**What the task requires**. Reproduce every record exactly as written.

**Provided records**.
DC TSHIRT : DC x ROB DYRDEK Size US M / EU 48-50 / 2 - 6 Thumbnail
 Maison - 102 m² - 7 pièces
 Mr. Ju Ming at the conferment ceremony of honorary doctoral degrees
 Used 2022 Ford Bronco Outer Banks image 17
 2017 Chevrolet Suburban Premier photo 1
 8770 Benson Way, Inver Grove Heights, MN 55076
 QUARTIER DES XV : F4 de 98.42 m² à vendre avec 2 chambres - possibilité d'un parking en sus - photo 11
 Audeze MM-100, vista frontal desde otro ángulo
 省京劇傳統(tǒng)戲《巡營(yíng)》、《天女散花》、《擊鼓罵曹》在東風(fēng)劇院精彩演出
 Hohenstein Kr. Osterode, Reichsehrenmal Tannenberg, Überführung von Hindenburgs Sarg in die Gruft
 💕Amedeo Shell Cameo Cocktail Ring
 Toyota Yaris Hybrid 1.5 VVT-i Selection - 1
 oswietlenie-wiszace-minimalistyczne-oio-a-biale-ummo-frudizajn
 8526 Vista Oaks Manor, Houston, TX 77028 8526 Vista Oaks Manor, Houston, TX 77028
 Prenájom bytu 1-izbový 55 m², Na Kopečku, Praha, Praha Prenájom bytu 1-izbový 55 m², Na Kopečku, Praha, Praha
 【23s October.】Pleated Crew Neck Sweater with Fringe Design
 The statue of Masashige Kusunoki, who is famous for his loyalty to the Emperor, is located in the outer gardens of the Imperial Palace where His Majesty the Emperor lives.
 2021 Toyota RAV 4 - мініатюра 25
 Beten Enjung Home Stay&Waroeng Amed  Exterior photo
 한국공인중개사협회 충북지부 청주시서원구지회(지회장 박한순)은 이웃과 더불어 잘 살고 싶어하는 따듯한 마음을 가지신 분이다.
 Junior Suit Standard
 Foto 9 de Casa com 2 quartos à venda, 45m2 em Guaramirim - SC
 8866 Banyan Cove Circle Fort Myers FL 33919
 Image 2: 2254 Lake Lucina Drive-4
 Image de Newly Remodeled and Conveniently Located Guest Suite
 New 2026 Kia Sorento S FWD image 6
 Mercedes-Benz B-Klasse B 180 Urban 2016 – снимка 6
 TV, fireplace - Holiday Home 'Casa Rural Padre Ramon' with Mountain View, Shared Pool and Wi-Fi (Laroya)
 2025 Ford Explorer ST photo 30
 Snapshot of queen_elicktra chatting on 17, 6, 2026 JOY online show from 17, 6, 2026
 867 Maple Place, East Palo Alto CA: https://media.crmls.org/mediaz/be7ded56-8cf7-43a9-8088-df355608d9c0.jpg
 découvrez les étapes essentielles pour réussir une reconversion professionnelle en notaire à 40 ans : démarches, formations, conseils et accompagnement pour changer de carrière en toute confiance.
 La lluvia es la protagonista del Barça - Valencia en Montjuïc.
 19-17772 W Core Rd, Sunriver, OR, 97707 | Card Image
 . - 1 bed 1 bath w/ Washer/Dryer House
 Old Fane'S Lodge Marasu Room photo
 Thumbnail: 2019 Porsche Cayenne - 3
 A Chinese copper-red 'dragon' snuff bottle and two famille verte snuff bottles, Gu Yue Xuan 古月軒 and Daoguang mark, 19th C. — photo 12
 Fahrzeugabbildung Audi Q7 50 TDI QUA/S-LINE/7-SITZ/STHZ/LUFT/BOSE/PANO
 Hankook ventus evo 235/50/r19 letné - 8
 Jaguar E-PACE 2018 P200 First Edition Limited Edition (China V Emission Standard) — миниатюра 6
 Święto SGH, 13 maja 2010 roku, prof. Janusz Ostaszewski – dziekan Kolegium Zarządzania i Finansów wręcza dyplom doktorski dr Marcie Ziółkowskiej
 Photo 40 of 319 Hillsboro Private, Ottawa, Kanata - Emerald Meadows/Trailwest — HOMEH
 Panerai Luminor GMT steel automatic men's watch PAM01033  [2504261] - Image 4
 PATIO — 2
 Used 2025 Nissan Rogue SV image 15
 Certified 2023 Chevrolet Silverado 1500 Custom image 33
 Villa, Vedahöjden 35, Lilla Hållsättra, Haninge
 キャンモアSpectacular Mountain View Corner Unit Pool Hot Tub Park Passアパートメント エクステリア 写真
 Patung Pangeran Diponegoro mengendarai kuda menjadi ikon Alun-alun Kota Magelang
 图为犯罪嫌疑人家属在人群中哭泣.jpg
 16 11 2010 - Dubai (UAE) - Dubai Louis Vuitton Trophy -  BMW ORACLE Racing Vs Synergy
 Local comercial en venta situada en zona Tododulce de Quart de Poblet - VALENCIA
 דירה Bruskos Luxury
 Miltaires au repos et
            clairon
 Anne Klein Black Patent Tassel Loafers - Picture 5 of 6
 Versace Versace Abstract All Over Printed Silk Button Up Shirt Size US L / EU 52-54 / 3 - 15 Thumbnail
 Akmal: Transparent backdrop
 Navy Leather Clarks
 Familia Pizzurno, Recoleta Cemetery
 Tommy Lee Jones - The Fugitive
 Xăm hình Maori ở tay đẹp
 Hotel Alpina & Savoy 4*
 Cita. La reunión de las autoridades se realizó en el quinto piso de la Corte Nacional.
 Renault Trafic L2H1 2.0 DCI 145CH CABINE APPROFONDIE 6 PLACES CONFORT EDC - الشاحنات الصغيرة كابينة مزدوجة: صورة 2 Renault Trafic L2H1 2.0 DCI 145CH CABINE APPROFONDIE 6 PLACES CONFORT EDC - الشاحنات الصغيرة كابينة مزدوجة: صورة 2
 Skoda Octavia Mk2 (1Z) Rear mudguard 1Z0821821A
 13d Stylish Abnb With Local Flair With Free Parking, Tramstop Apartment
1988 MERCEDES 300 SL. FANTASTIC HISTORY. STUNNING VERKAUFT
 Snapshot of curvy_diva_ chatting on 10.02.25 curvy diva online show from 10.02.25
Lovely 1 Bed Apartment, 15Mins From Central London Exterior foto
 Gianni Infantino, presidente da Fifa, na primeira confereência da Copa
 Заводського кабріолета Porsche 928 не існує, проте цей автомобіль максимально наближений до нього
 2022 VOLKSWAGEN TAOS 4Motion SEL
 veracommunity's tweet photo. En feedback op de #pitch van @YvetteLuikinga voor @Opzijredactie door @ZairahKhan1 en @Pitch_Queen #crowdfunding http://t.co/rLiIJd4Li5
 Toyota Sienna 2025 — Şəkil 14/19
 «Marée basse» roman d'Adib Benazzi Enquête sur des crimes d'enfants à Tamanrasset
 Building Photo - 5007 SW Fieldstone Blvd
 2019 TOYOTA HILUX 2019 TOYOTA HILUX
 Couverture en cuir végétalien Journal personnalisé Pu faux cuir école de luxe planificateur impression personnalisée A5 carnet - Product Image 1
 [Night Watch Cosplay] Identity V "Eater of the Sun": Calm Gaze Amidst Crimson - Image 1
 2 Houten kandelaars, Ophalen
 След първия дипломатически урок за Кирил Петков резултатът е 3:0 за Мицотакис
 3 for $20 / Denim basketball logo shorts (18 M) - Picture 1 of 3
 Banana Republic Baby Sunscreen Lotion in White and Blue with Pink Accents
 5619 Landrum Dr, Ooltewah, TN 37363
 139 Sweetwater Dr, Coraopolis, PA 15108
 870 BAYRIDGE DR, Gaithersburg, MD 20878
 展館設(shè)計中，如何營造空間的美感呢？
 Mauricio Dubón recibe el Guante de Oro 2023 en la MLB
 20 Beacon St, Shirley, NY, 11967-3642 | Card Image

**Exercise solution**.
DC TSHIRT : DC x ROB DYRDEK Size US M / EU 48-50 / 2 - 6 Thumbnail
 Maison - 102 m² - 7 pièces
 Mr. Ju Ming at the conferment ceremony of honorary doctoral degrees
 Used 2022 Ford Bronco Outer Banks image 17
 2017 Chevrolet Suburban Premier photo 1
 8770 Benson Way, Inver Grove Heights, MN 55076
 QUARTIER DES XV : F4 de 98.42 m² à vendre avec 2 chambres - possibilité d'un parking en sus - photo 11
 Audeze MM-100, vista frontal desde otro ángulo
 省京劇傳統(tǒng)戲《巡營(yíng)》、《天女散花》、《擊鼓罵曹》在東風(fēng)劇院精彩演出
 Hohenstein Kr. Osterode, Reichsehrenmal Tannenberg, Überführung von Hindenburgs Sarg in die Gruft
 💕Amedeo Shell Cameo Cocktail Ring
 Toyota Yaris Hybrid 1.5 VVT-i Selection - 1
 oswietlenie-wiszace-minimalistyczne-oio-a-biale-ummo-frudizajn
 8526 Vista Oaks Manor, Houston, TX 77028 8526 Vista Oaks Manor, Houston, TX 77028
 Prenájom bytu 1-izbový 55 m², Na Kopečku, Praha, Praha Prenájom bytu 1-izbový 55 m², Na Kopečku, Praha, Praha
 【23s October.】Pleated Crew Neck Sweater with Fringe Design
 The statue of Masashige Kusunoki, who is famous for his loyalty to the Emperor, is located in the outer gardens of the Imperial Palace where His Majesty the Emperor lives.
 2021 Toyota RAV 4 - мініатюра 25
 Beten Enjung Home Stay&Waroeng Amed  Exterior photo
 한국공인중개사협회 충북지부 청주시서원구지회(지회장 박한순)은 이웃과 더불어 잘 살고 싶어하는 따듯한 마음을 가지신 분이다.
 Junior Suit Standard
 Foto 9 de Casa com 2 quartos à venda, 45m2 em Guaramirim - SC
 8866 Banyan Cove Circle Fort Myers FL 33919
 Image 2: 2254 Lake Lucina Drive-4
 Image de Newly Remodeled and Conveniently Located Guest Suite
 New 2026 Kia Sorento S FWD image 6
 Mercedes-Benz B-Klasse B 180 Urban 2016 – снимка 6
 TV, fireplace - Holiday Home 'Casa Rural Padre Ramon' with Mountain View, Shared Pool and Wi-Fi (Laroya)
 2025 Ford Explorer ST photo 30
 Snapshot of queen_elicktra chatting on 17, 6, 2026 JOY online show from 17, 6, 2026
 867 Maple Place, East Palo Alto CA: https://media.crmls.org/mediaz/be7ded56-8cf7-43a9-8088-df355608d9c0.jpg
 découvrez les étapes essentielles pour réussir une reconversion professionnelle en notaire à 40 ans : démarches, formations, conseils et accompagnement pour changer de carrière en toute confiance.
 La lluvia es la protagonista del Barça - Valencia en Montjuïc.
 19-17772 W Core Rd, Sunriver, OR, 97707 | Card Image
 . - 1 bed 1 bath w/ Washer/Dryer House
 Old Fane'S Lodge Marasu Room photo
 Thumbnail: 2019 Porsche Cayenne - 3
 A Chinese copper-red 'dragon' snuff bottle and two famille verte snuff bottles, Gu Yue Xuan 古月軒 and Daoguang mark, 19th C. — photo 12
 Fahrzeugabbildung Audi Q7 50 TDI QUA/S-LINE/7-SITZ/STHZ/LUFT/BOSE/PANO
 Hankook ventus evo 235/50/r19 letné - 8
 Jaguar E-PACE 2018 P200 First Edition Limited Edition (China V Emission Standard) — миниатюра 6
 Święto SGH, 13 maja 2010 roku, prof. Janusz Ostaszewski – dziekan Kolegium Zarządzania i Finansów wręcza dyplom doktorski dr Marcie Ziółkowskiej
 Photo 40 of 319 Hillsboro Private, Ottawa, Kanata - Emerald Meadows/Trailwest — HOMEH
 Panerai Luminor GMT steel automatic men's watch PAM01033  [2504261] - Image 4
 PATIO — 2
 Used 2025 Nissan Rogue SV image 15
 Certified 2023 Chevrolet Silverado 1500 Custom image 33
 Villa, Vedahöjden 35, Lilla Hållsättra, Haninge
 キャンモアSpectacular Mountain View Corner Unit Pool Hot Tub Park Passアパートメント エクステリア 写真
 Patung Pangeran Diponegoro mengendarai kuda menjadi ikon Alun-alun Kota Magelang
 图为犯罪嫌疑人家属在人群中哭泣.jpg
 16 11 2010 - Dubai (UAE) - Dubai Louis Vuitton Trophy -  BMW ORACLE Racing Vs Synergy
 Local comercial en venta situada en zona Tododulce de Quart de Poblet - VALENCIA
 דירה Bruskos Luxury
 Miltaires au repos et
            clairon
 Anne Klein Black Patent Tassel Loafers - Picture 5 of 6
 Versace Versace Abstract All Over Printed Silk Button Up Shirt Size US L / EU 52-54 / 3 - 15 Thumbnail
 Akmal: Transparent backdrop
 Navy Leather Clarks
 Familia Pizzurno, Recoleta Cemetery
 Tommy Lee Jones - The Fugitive
 Xăm hình Maori ở tay đẹp
 Hotel Alpina & Savoy 4*
 Cita. La reunión de las autoridades se realizó en el quinto piso de la Corte Nacional.
 Renault Trafic L2H1 2.0 DCI 145CH CABINE APPROFONDIE 6 PLACES CONFORT EDC - الشاحنات الصغيرة كابينة مزدوجة: صورة 2 Renault Trafic L2H1 2.0 DCI 145CH CABINE APPROFONDIE 6 PLACES CONFORT EDC - الشاحنات الصغيرة كابينة مزدوجة: صورة 2
 Skoda Octavia Mk2 (1Z) Rear mudguard 1Z0821821A
 13d Stylish Abnb With Local Flair With Free Parking, Tramstop Apartment
1988 MERCEDES 300 SL. FANTASTIC HISTORY. STUNNING VERKAUFT
 Snapshot of curvy_diva_ chatting on 10.02.25 curvy diva online show from 10.02.25
Lovely 1 Bed Apartment, 15Mins From Central London Exterior foto
 Gianni Infantino, presidente da Fifa, na primeira confereência da Copa
 Заводського кабріолета Porsche 928 не існує, проте цей автомобіль максимально наближений до нього
 2022 VOLKSWAGEN TAOS 4Motion SEL
 veracommunity's tweet photo. En feedback op de #pitch van @YvetteLuikinga voor @Opzijredactie door @ZairahKhan1 en @Pitch_Queen #crowdfunding http://t.co/rLiIJd4Li5
 Toyota Sienna 2025 — Şəkil 14/19
 «Marée basse» roman d'Adib Benazzi Enquête sur des crimes d'enfants à Tamanrasset
 Building Photo - 5007 SW Fieldstone Blvd
 2019 TOYOTA HILUX 2019 TOYOTA HILUX
 Couverture en cuir végétalien Journal personnalisé Pu faux cuir école de luxe planificateur impression personnalisée A5 carnet - Product Image 1
 [Night Watch Cosplay] Identity V "Eater of the Sun": Calm Gaze Amidst Crimson - Image 1
 2 Houten kandelaars, Ophalen
 След първия дипломатически урок за Кирил Петков резултатът е 3:0 за Мицотакис
 3 for $20 / Denim basketball logo shorts (18 M) - Picture 1 of 3
 Banana Republic Baby Sunscreen Lotion in White and Blue with Pink Accents
 5619 Landrum Dr, Ooltewah, TN 37363
 139 Sweetwater Dr, Coraopolis, PA 15108
 870 BAYRIDGE DR, Gaithersburg, MD 20878
 展館設(shè)計中，如何營造空間的美感呢？
 Mauricio Dubón recibe el Guante de Oro 2023 en la MLB
 20 Beacon St, Shirley, NY, 11967-3642 | Card Image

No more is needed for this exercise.